Despite the rhetoric against having a ‘soft’ attitude towards Pakistan, the BJP whenever they come to power pursue a different path towards the country’s western neighbour. When Prime Minister Narendra Modi landed in Lahore to greet Nawaz Sharif on his birthday, many were drawing a parallel on how Atal Bihari Vajpayee tried to have friendly relations with the country, which the Sangh Parivar often describes as an enemy.
But after Vajpayee’s 1999 Lahore bus trip, came the ill-fated Agra Summit in which negotiations broke down, putting bilateral relations in rough water. Now, will Pathankot turn out to be another Agra?

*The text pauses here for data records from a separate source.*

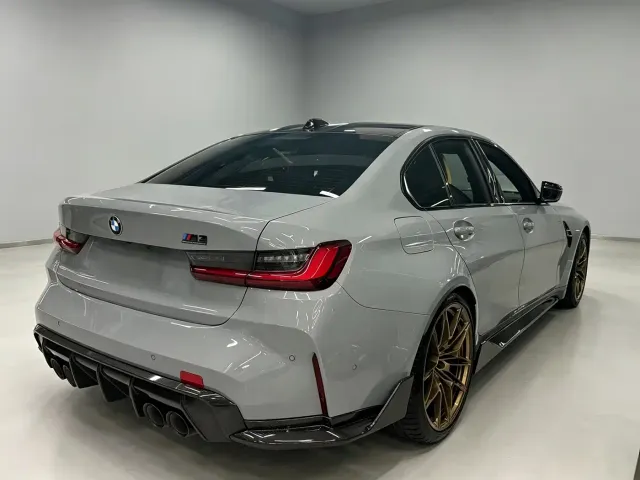 BMW M3 — Фото автомобиля 5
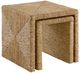 Riverside Furniture Rosalie 2-Piece Hemlock Nesting Tables Set-0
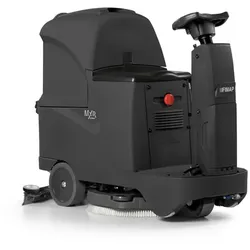 Fimap Mxr Batterie-Scheuersaugmaschine mit integrierten Ladegerät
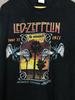 Led Zeppelin 2007 Rock Band Dla Fana Czarny Unisex Koszulka Reprint S5XL KH6895
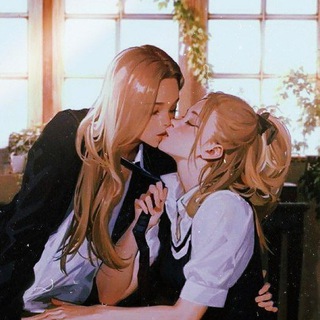 Логотип @gyaru_yuri - 𝐠𝐲𝐚𝐫𝐮 𝐲𝐮𝐫𝐢 🤍🌈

However, Sharif is no Musharraf, and 2016 is not 2001. The message Pakistan sent after the deadly attack by terrorists on Pathankot and the Modi government’s considered reaction to it seem to herald a new chapter in the relations between the two countries.
In contrast to his earlier criticism of the previous UPA government’s soft policy on Pakistan, Modi started his rule with a difference in that he invited Sharif for his swearing-in ceremony. But the warmth did not last for long. Soon after, the Modi government took a stubborn stand in dealing with Pakistan by calling off talks when the Pak envoy decided to meet Hurriyat leaders.
The stand-off between the two countries continued until both the national security advisors met in Bangkok on 6 December. Following that, External Affairs Minister Sushma Swaraj also visited Islamabad and met Sharif.
Modi’s visit to Lahore on Christmas day, called a ‘surprise stop over’ although the Opposition derided it as ‘nothing more than an adventure’ was another step.
Modi reportedly said to his counterpart in Lahore — “Ab to aana jaana laga rahega (Now we will keep seeing each other more often).” Sharif later said, “The Indian prime minister came to Lahore and gave us his few hours. It is high time the countries put aside their hostilities. Goodwill gestures are the solution to many an ill.”
Foreign secretaries of both the nations decided to meet on 15 January to lay down a roadmap to continue the Comprehensive Bilateral Dialogue. However, within a week everything has changed with the Pathankot attack.
India demanded a “prompt and decisive action” against the perpetrators and provided “actionable intelligence” to reveal the role of Pak perpetrators. Also, India made it clear that the dialogue will go ahead only after Pakistan takes stern action against the perpetrators. For their part, Pakistan also responded in a better way than earlier. They constituted a top committee comprising intelligence, military and other top investigating officers. Just 36 hours before the scheduled FS level talks, they detained main suspects of the terror attack including Jaish-e-Mohammed founder Masood Azhar.
PK Hormis Tharakan, former chief of India’s external intelligence agency, the Research and Analysis Wing (RAW) says, “The government must have been aware of these often-tried tactics of terror groups when they initiated the dialogue process.
“Swaraj had also hinted that spoilers will attempt to derail the process. Apart from terrorism, both countries are now trying to start comprehensive dialogues involving trade and other issues, which the terrorists want to stall. Then the government’s natural instinct should be to take forward the dialogue.”
The first such recognised armed provocation was the Kargil conflict which followed the 1999 Lahore meet between Vajpayee and Sharif. Dibyesh Anand, associate professor at Westminster University says, “Non-state actors, apparently funded and supported by Pakistan for its proxy wars in Afghanistan and Kashmir in the past, feel anxious with the efforts put forward by the Pakistani government to normalise relations with neighbours and would want conflict to continue so that they continue to operate with impunity.”
Just two weeks after the FS’s visit to Pakistan as part of the SAARC meet, they attacked Samba and Kathua in Jammu. Similarly just after Modi and Sharif’s meet at Ufa in Russia, there was an attack in Gurdaspur. But this time India and Pakistan seem to be determined not to allow the terrorists groups to usurp the agenda. Also, Washington’s pressure on both the countries to go ahead with the talks also kept New Delhi and Pakistan away from aggressive behaviour in the time of crisis. The talks initiated by the US on Taliban in Afganistan have also influenced Indo-Pak relations.